The Taj Mahal Palace hotel is a landmark in Indian history - its' most famous hotel, and one of the most famous venues in India. It is the centre for events in India's financial capital and its interior discreetly carries in a display case photographs of innumerable presidents and prime ministers, as well as film stars and business leaders, who have stayed there.
The Taj Mahal Palace's historical significance is well summed up in The Creation of Wealth - the official history of the Tata firm which owns it, and which became one of the world's greatest companies:
'There is a colourful story that Jansetji [Tata - the founder of the Tata company] started a grand hotel in Bombay after an incident in when he was refused admission to a second rate Bombay hotel which was reserved "for European only". Sharada Dwivedi, which has researched the history of the Tajo Mahal Hotel, states that she has found no historical evidence for this report, though it is likely that there were hotels at the time that did refuse admission to Indians. Jansetji was too proud a man, she says, to visit such a hotel. It is more likely, she says, that he gave an outstanding hotel to his city because of his deep love for Bombay, a city he was proud of. From the day it opened the Taj Mahal was recognised as one of the best in the world. Jansetji's Taj venture is distinct from his other schemes. Unlike his other enterprises Jansetji did not calculate what it would cost.'
The Taj Mahal Palace symbolised excellence - India created something better than the British who ruled it. It was the same as with the notorious statement by Sir Frederick Upcott, then British Chief Commissioner for the Indian Railways: 'Do you mean to say that Tatas propose to make steel to British specification? Why, I will undertake to eat every pound of steel rail they succeed in making.'
This piece of racist and xenophobic arrogance received its fitting reposte in the Tata's long term development of the Indian steel industry, but then was finally swept away when last year Tata Steel finally took over Corus - the old British steel industry.

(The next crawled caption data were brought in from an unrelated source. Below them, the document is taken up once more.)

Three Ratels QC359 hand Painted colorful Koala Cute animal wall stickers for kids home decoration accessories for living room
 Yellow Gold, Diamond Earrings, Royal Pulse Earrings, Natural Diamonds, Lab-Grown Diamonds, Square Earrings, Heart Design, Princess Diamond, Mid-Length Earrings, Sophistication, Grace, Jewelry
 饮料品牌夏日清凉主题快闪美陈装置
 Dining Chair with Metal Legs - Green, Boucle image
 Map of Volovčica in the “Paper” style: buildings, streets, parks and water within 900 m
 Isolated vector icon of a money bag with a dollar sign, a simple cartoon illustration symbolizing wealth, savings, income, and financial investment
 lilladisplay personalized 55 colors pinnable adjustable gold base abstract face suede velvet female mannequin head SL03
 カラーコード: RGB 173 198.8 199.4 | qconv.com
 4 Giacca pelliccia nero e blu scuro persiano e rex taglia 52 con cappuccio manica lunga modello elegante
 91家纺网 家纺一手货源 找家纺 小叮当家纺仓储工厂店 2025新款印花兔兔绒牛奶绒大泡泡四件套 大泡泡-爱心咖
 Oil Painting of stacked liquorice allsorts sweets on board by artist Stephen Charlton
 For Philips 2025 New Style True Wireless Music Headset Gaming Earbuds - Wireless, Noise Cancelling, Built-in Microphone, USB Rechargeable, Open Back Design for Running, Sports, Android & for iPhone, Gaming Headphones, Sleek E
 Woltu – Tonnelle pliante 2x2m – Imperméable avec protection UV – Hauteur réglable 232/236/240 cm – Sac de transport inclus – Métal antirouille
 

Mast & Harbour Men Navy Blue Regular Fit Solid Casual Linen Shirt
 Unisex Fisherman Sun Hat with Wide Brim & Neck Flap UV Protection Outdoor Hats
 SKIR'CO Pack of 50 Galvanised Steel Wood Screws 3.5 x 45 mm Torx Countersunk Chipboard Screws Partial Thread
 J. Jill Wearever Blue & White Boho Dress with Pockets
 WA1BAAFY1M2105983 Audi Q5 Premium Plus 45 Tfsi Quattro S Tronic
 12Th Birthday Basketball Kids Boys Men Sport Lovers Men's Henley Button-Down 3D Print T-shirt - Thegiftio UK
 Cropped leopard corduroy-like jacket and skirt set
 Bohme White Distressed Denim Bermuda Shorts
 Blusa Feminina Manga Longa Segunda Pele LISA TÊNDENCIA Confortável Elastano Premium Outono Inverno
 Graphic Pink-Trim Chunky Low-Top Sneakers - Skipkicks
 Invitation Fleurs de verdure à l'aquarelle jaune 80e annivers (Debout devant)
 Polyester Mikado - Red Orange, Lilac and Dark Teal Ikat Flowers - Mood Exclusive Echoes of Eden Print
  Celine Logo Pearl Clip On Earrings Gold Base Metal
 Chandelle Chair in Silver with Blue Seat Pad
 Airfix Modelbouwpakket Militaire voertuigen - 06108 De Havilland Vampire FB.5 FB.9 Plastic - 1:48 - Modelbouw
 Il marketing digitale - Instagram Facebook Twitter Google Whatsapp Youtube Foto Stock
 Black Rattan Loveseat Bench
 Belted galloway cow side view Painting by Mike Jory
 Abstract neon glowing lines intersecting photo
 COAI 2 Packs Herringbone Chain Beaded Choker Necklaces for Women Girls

No one who is not Indian really can feel it fully but anyone who stayed in that hotel could sense something of what it meant in India's history. And why an attack on it was on one of the very symbols of India - which is why the Tata company announced already it would be rebuilt.
These were attacks involving horrific loss of life and are not only on the financial capital of India, but on one of its cultural nerve centres. To understand that combination explains why their impact will be so great.